脚本、監督、編集を手がける黒澤監督は「編集している時が一番楽しい」とも語っていた。
それを聞いてからは、映画鑑賞の際は編集にも気を留めようと心がけているが、内容に夢中になってしまう質なので、なかなか難しい。黒澤監督は常々「映画は理屈で観ないで心で観てほしい」と語っているので、それはそれでいいのかなという思いもある。
『ぼくが生きてる、ふたつの世界』の編集は一言で表現するなら「上品」である。奇をてらわず、シンプル。前半は心地よいテンポで、短いショットを繋いでいく。赤ん坊が幼児になり、学校に通うまでになる姿が、サクサクと描かれていく。その間に両親が共に聴覚障害者であるという事実も伝わってくる。吹きこぼれるナベの音も赤ん坊の泣き声も車のクラクションも聞こえない。不便だが、それでも温かな愛に包まれた家庭の様子が、無駄なく描かれていく。
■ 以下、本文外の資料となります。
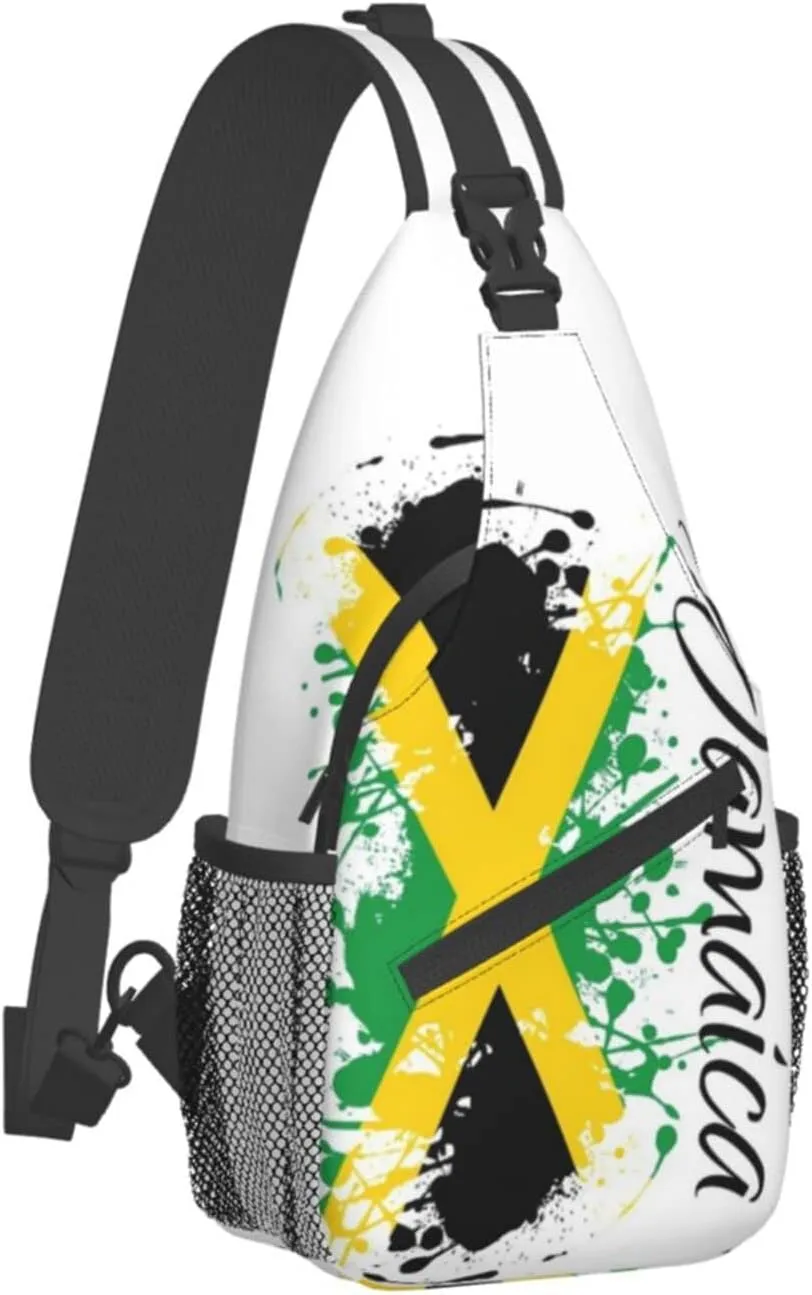 Cute Jamaica Flag Crossbody Sling Backpack Sling Bag Travel Hiking Chest Bag Jamaican Daypack for Women Men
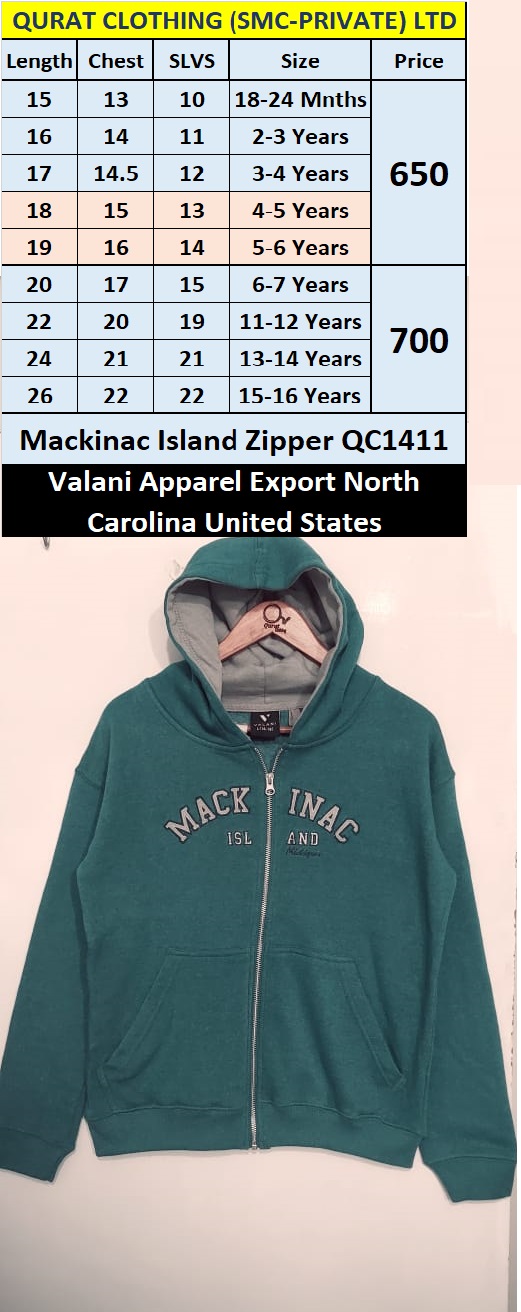 North Carolina Brand Mackinac Zipper QC1411 Export USA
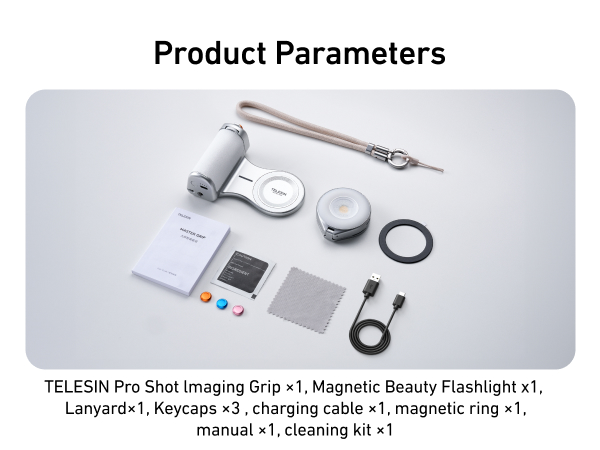 magnetic phone camera grip with selfie light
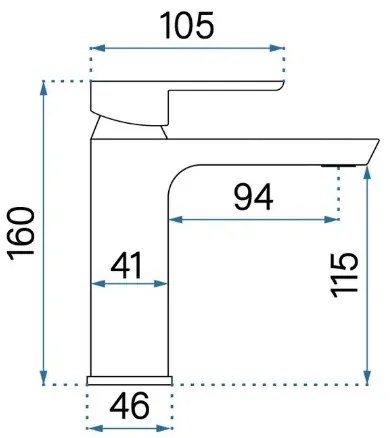 REA-B6412 - Miscelatore per lavabo ARGUS 28,5 cm, finitura oro spazzolata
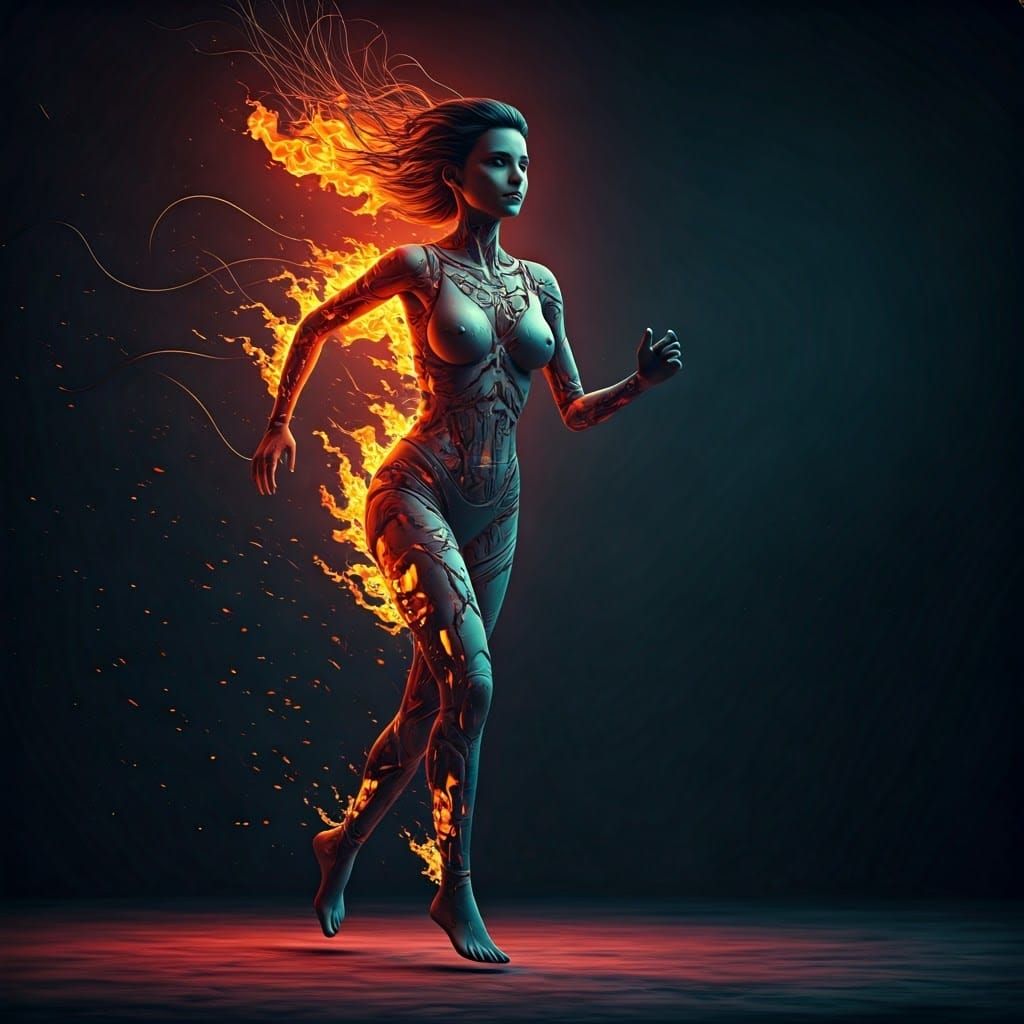 Woman Running in Dystopian Cyberpunk Landscape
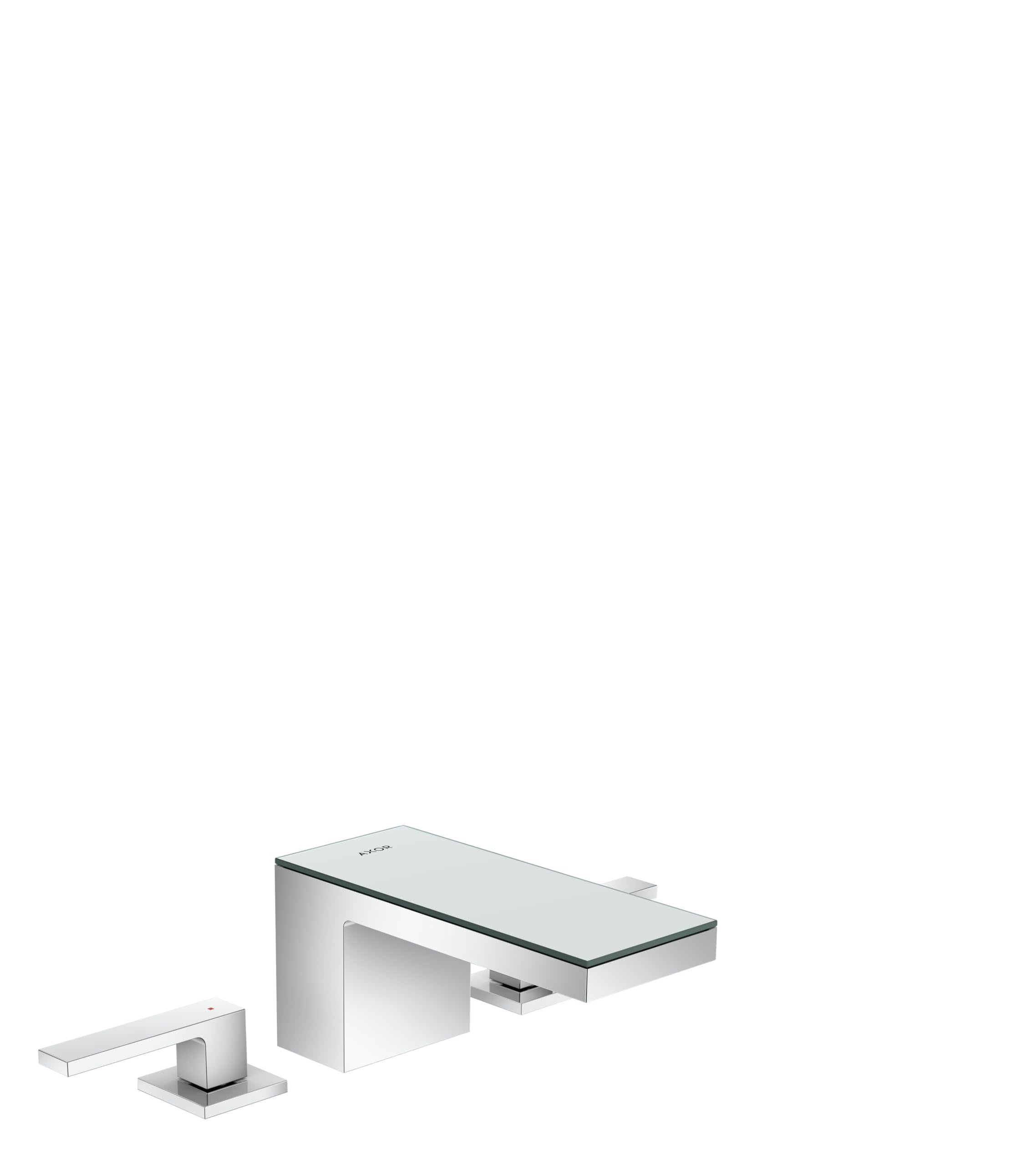Chrome widespread faucet with mirror glass spout and matching side lever handles for bathroom sink installation.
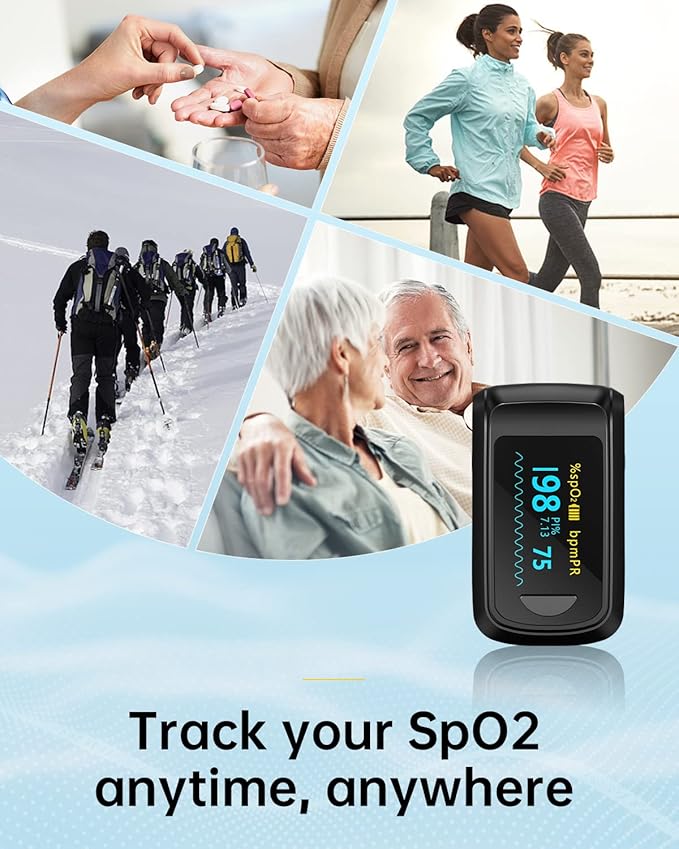 Fingertip Pulse Oximeter Blood Oxygen Monitor Pulse Ox, Heart Rate and Fast Spo2 Reading Oxygen Meter with OLED Screen Included Batteries and Lanyard
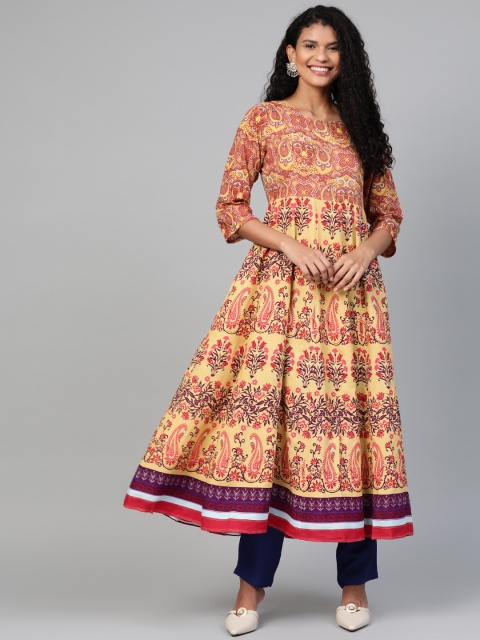 

HERE&NOW Women Yellow & Red Printed Kurta with Trousers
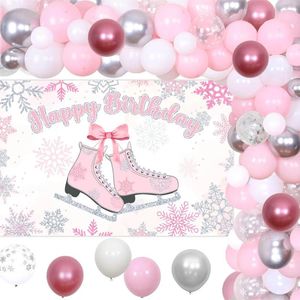 Décoration de fête Pink Ice Skating Decorations d'anniversaire pour filles ballons Garland Snowflake Happy Ftedrop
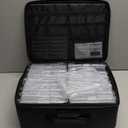 Photo Storage Box with Lock,DocSafe Fireproof Photo Organizer Box with 16 Inner 4" x 6" Photo Case(Clear),Collapsible Portable Photo Filing Safe Storage with Water-Resistant Zipper for Photos,Picture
少年が青年となり、母と息子の確執が生まれ、新たなドラマが生まれる頃には、まるで観客に感情移入をする時間を与えるかのように、短かったショットが少しずつ長くなっていく。上京することが決まった後の電車の中から見える景色、就職活動の前日に写される衣装ケースのクローズアップ等のシーンに「さあ、どうだ!」という気負いが全くなく、すべてがほどよいのだ。
フラッシュバック等の技法は一切使わず、ストーリーは時間軸にそってひたすらに進んでいく。このままエンディングを迎えるのかと思うと、最後の最後に長い回想シーンが、母と息子のかけがえのない時間を写し出す。
この映画の編集を担当した田端華子は1994年に大阪に生まれ、ハリウッドに渡り映像について学んだと聞く。映画を映画たらしめるための最後の仕上げ。これからも多くの名作の誕生に貢献してもらいたい。